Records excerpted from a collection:
[Start of section]

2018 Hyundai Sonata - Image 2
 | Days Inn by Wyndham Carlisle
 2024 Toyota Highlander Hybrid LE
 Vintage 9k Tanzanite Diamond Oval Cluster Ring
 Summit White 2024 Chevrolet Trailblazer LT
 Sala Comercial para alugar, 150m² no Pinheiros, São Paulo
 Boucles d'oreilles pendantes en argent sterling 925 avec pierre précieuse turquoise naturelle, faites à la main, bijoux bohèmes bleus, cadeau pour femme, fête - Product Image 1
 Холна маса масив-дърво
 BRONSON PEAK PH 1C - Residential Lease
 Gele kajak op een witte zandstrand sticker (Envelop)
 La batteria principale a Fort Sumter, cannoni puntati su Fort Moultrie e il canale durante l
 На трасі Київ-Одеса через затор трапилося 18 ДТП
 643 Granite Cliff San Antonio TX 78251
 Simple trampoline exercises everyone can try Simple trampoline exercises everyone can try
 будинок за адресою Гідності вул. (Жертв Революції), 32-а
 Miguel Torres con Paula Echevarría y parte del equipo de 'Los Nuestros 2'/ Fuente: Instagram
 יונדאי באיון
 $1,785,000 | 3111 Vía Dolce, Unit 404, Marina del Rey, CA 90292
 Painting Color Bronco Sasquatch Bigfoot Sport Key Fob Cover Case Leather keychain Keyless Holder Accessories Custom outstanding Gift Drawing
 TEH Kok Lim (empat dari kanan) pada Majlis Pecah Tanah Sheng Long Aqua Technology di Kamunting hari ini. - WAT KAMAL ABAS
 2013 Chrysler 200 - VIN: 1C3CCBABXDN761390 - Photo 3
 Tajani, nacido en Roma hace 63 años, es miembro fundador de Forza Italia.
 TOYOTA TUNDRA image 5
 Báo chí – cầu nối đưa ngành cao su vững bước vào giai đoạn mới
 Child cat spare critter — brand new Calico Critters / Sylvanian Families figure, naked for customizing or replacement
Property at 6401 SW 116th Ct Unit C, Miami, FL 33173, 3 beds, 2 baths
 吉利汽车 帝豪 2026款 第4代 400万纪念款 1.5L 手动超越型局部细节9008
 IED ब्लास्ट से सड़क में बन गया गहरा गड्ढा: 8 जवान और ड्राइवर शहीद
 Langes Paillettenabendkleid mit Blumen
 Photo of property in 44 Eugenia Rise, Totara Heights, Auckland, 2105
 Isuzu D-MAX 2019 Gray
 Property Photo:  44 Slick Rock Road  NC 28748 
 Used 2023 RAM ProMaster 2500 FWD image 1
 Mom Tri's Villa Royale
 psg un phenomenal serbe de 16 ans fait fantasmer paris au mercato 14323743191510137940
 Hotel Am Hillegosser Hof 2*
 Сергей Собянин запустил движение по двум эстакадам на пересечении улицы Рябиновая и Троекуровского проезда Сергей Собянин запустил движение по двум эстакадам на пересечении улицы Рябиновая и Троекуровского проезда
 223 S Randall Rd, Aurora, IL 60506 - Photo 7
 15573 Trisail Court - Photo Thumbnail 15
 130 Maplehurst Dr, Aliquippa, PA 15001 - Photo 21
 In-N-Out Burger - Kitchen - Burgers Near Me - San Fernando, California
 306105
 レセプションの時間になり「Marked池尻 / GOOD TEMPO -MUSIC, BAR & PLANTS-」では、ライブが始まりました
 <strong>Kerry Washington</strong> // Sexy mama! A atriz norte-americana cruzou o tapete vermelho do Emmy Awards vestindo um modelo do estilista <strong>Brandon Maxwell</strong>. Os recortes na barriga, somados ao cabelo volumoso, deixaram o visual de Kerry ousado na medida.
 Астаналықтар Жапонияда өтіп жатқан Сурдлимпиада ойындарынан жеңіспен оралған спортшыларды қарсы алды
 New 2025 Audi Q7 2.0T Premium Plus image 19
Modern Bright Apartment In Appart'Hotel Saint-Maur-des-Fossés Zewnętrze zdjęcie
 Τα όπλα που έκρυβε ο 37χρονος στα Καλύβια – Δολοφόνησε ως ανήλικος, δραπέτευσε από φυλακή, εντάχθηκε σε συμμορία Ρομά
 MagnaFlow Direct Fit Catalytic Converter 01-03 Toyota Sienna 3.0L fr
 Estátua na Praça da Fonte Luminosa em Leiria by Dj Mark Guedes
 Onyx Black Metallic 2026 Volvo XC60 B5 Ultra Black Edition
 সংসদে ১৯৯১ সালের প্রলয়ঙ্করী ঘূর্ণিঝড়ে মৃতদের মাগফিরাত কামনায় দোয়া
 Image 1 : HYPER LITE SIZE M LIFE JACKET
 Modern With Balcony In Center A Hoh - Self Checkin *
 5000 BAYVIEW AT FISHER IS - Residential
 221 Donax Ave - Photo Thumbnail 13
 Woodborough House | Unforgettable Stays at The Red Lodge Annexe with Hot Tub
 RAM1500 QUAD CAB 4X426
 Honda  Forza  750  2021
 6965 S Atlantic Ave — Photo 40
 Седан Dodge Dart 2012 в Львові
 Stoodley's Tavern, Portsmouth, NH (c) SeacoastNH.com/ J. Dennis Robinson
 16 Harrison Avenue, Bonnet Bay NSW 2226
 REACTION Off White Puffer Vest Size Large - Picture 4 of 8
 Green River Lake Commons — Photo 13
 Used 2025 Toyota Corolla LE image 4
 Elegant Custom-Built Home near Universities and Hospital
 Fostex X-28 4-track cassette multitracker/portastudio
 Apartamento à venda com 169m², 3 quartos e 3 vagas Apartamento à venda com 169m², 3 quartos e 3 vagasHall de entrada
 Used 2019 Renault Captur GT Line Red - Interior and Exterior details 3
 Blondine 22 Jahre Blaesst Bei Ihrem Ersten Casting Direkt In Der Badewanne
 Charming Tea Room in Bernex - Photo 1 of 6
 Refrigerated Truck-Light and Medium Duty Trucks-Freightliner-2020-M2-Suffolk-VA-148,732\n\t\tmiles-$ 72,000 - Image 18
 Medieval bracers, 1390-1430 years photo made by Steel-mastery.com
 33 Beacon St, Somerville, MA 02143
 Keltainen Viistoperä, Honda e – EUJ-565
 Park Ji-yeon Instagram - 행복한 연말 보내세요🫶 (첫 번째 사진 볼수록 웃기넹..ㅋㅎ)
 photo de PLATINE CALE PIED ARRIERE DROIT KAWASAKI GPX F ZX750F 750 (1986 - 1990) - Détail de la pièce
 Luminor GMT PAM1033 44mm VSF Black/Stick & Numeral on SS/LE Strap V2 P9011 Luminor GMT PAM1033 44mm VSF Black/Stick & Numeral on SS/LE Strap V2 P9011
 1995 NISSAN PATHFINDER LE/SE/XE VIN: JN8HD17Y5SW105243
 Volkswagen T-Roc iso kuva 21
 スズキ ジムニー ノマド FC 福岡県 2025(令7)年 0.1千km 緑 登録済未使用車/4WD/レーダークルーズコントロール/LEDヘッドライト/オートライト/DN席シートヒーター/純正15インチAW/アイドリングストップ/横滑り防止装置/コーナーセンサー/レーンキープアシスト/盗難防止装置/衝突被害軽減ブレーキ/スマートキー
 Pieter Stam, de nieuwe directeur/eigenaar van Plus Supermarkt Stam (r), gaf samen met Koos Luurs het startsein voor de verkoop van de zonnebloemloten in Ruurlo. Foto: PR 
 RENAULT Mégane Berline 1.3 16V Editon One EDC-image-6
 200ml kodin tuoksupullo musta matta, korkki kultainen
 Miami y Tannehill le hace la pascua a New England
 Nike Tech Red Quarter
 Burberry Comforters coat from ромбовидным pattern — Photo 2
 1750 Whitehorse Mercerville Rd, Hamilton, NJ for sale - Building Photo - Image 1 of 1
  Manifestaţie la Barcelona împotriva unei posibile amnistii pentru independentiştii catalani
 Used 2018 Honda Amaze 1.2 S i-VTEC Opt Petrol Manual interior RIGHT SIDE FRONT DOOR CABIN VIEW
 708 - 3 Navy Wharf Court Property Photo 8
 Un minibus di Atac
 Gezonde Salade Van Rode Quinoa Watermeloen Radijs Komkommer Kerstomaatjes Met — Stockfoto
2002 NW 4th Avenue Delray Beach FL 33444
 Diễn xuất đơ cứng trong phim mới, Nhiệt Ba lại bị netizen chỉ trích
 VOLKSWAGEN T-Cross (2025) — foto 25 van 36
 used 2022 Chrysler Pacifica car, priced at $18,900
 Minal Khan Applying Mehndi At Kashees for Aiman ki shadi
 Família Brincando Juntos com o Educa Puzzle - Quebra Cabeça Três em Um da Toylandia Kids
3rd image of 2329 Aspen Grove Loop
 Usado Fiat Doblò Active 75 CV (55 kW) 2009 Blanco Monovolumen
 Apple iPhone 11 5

[End of section]

## [Problem to solve]
Both the line containing "Green River Lake Commons — Photo 13" and the line containing "Apartamento à venda com 169m², 3 quartos e 3 vagas Apartamento" belong in the answer. Print them and every line above that falls between them exactly, and no others.

## [Exercise solution]
 Green River Lake Commons — Photo 13
 Used 2025 Toyota Corolla LE image 4
 Elegant Custom-Built Home near Universities and Hospital
 Fostex X-28 4-track cassette multitracker/portastudio
 Apartamento à venda com 169m², 3 quartos e 3 vagas Apartamento à venda com 169m², 3 quartos e 3 vagasHall de entrada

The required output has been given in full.